Catholic Culture Solidarity
Catholic Culture Solidarity

Divinizing the State: A Blind and Dangerous Pedagogy

By Dr. Jeff Mirus ( bio - articles - email ) | Jan 07, 2013

One does not have to look far in today’s headlines to see the growing problem of totalitarianism in the West. For example, I note today that the French government has sought to ban discussion of same-sex marriage in Catholic schools. The triad of totalitarianism is complete in this one small story.

First, we have the attempt to prohibit discussion of the impending legalization of gay marriage. Second, we have the demand that any discussions be monitored and reported for possible unacceptable views. Third, we have the threat of coercion, concealed in the emphasis that Catholic schools in France provide education under contract to the State.

All of this is wrong, but what interests me most is the idea that the Church (or for that matter anyone else) somehow educates under a contract to the State. Of course, this may be the case technically under French law. A government which makes education mandatory under its own authority might think itself generous in allowing the use of Catholic schools to satisfy the relevant requirements. But in theory, the idea that the State is the font of education for its citizens is simply wrong.

Plato, when in the mood for a philosopher king, may have been sympathetic, but Aristotle put the matter succinctly when he said: “All men by nature desire to know.” The innate human thirst for knowledge, which is good in itself, is the engine which drives education. All human societies respond to that thirst by organizing standard ways of gathering and imparting knowledge. There are certainly many other motives for learning, and government may sometimes act conveniently in this regard. But government has no more authority over knowledge than it has over hope, or goodness, or love.

Moreover, one very important realm of knowledge is moral knowledge, the knowledge of right and wrong. To permit the State to claim authority over this knowledge is to reduce morality to politics, which is to reduce it to power. This is a common error in the modern West, just as it has always been a very convenient error for those whose morality is determined by their self-interest. This is also one of the great temptations of those in positions of civil authority, a temptation that has been further rationalized by the concept of “reason of state”. In a broader political sense, it is a grave error which leads inevitably to totalitarianism.

To put the matter simply, it is impossible to attribute either authorship or control of moral knowledge to the State without making the State into God, ultimately unanswerable to anyone or anything. Unfortunately, like the citizens of the ancient Roman Empire, modern Westerners tend toward idolatry in their conception of the State.

We have come to take not just the immense power of the State for granted but also its illimitable authority. The results are horrifying. To test the severity of our own misconceptions, let us try a thought experiment. If we were to personify the State, how much of the following passage would we apply to it? How much would be applied to it by many of our contemporaries—even sometimes our putatively Christian contemporaries?

All-powerful will, benevolent virtue, eternal light, changeless reason, supreme blessedness.
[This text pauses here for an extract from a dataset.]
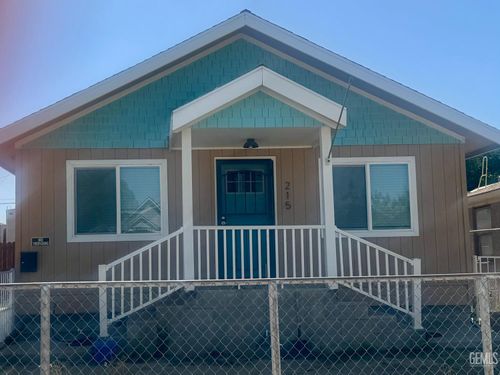 215 Monroe St, Taft, CA, 93268-1909 | Card Image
He creates minds to share in himself, gives them life, so that they may experience him, causes them to desire him, enlarges them to grasp him, justifies them so that they may deserve him, stirs them to zeal, ripens them to fruition, directs them to equity, forms them in benevolence, moderates them to make them wise, strengthens them to virtue, visits them to console, enlightens them with knowledge, sustains them to immortality, fills them with happiness, surrounds them with safety.

This is actually an extract from St. Bernard of Clairvaux’s answer to the question, “What is God?” It is found in On Consideration, a book he wrote to encourage his friend and fellow Cistercian Pope Eugenius III to remember, in the midst of his new duties, the need for a deeper contemplation of reality. The text could be put almost word for word on the tongue of a contemporary secular liberal, but with a very different referent, especially in this matter of the State’s authority over knowledge, by which I mean the apprehension of reality.

And as with knowledge, so with every other human good. The role of government is not to pretend to be the author of any good, but to organize our common resources so as to promote the common good. Organization is, of course, a good in itself, but it is the decidedly secondary good of more effectively utilizing primary goods for the ends already implicit in them. The moment we view the State as an originator of such goods, two things happen. First, we forget how the goods in question are actually generated. Second, we give up the liberty needed to produce these goods. The result will always be not only a slavery with respect to some good, but an impoverishment of the good itself.

We may describe any effort to provide education as a distribution system for knowledge. To organize such a system in a way which treats the State as the author or arbiter of knowledge is extraordinarily dangerous. This gives the State an essentially religious formative power which must inevitably result in the impoverishment of truth. Since the State originates nothing—that is, it has no wealth in any good thing which is intrinsically its own—the State relies heavily on the propagation and enforcement of myths to preserve its own power. It is not the State but God “who desires all men to be saved and to come to a knowledge of the truth” (1 Tim 2:4).

No, the pedagogy of the State is always more or less rooted in a lie: Since the Emperor has no clothes, all others must be taught to see what does not exist, rather than what does.

Jeffrey Mirus holds a Ph.D. in intellectual history from Princeton University. A co-founder of Christendom College, he also pioneered Catholic Internet services. He is the founder of Trinity Communications and CatholicCulture.org. See full bio.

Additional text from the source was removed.